Task to complete: Please transcribe the records precisely; pictures stay out of your copy.
*** Data records ***
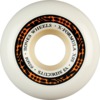 Bones Wheels XF X95 V5 Sidecut Tribal White / Orange Skateboard Wheels - 50mm 95a (Set of 4)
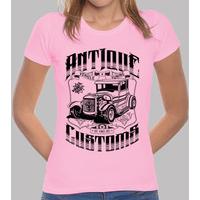 hot rod antique customs black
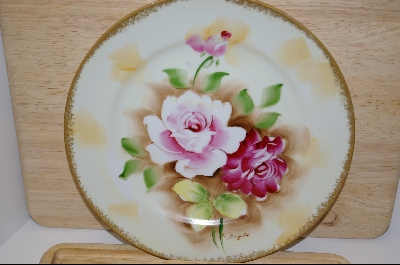 +MBA  "Vibrant Rose Hand Painted Plate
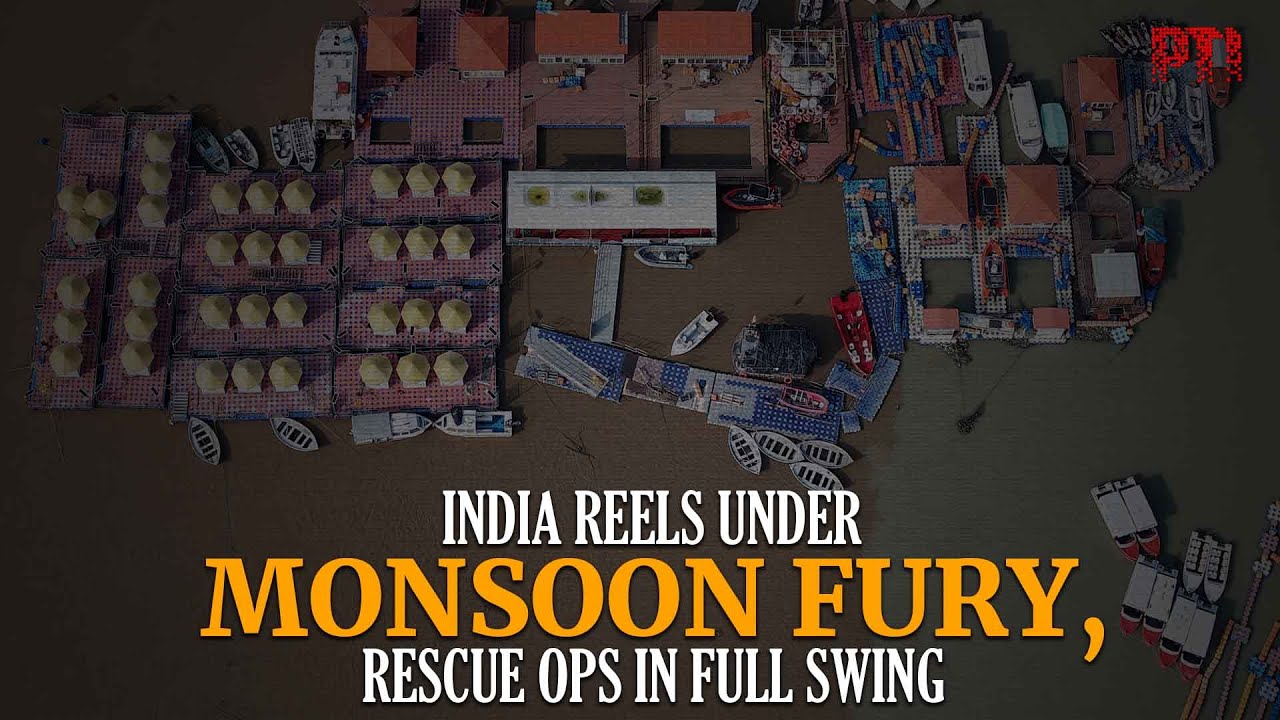 Monsoon fury: Floods, landslides wreak havoc across states; thousands displaced, relief ops underway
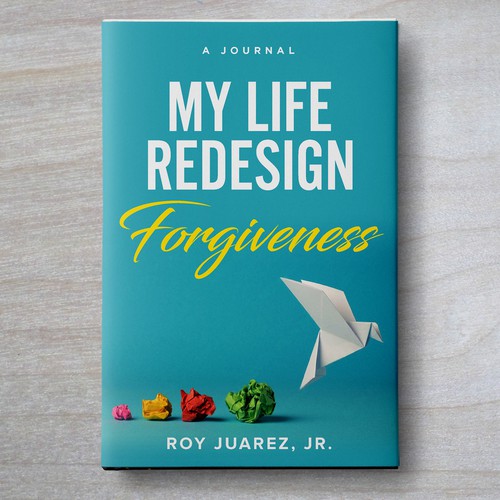 Design a Book Cover for a Self-Help Journal Series inspired by a homeless kid's experience Design by Xerxes™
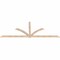Ekena Millwork Redmond Smooth Timber Gable Bracket, Douglas Fir, 108"W x 40"H x 1 1/2"D x 3 1/2"F, 9/12 Pitch GBW108X40X0204RED00SDF - alternate 4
*** End of Data records ***
Task answer:
 Bones Wheels XF X95 V5 Sidecut Tribal White / Orange Skateboard Wheels - 50mm 95a (Set of 4)
 hot rod antique customs black
 +MBA  "Vibrant Rose Hand Painted Plate
 Monsoon fury: Floods, landslides wreak havoc across states; thousands displaced, relief ops underway
 Design a Book Cover for a Self-Help Journal Series inspired by a homeless kid's experience Design by Xerxes™
Ekena Millwork Redmond Smooth Timber Gable Bracket, Douglas Fir, 108"W x 40"H x 1 1/2"D x 3 1/2"F, 9/12 Pitch GBW108X40X0204RED00SDF - alternate 4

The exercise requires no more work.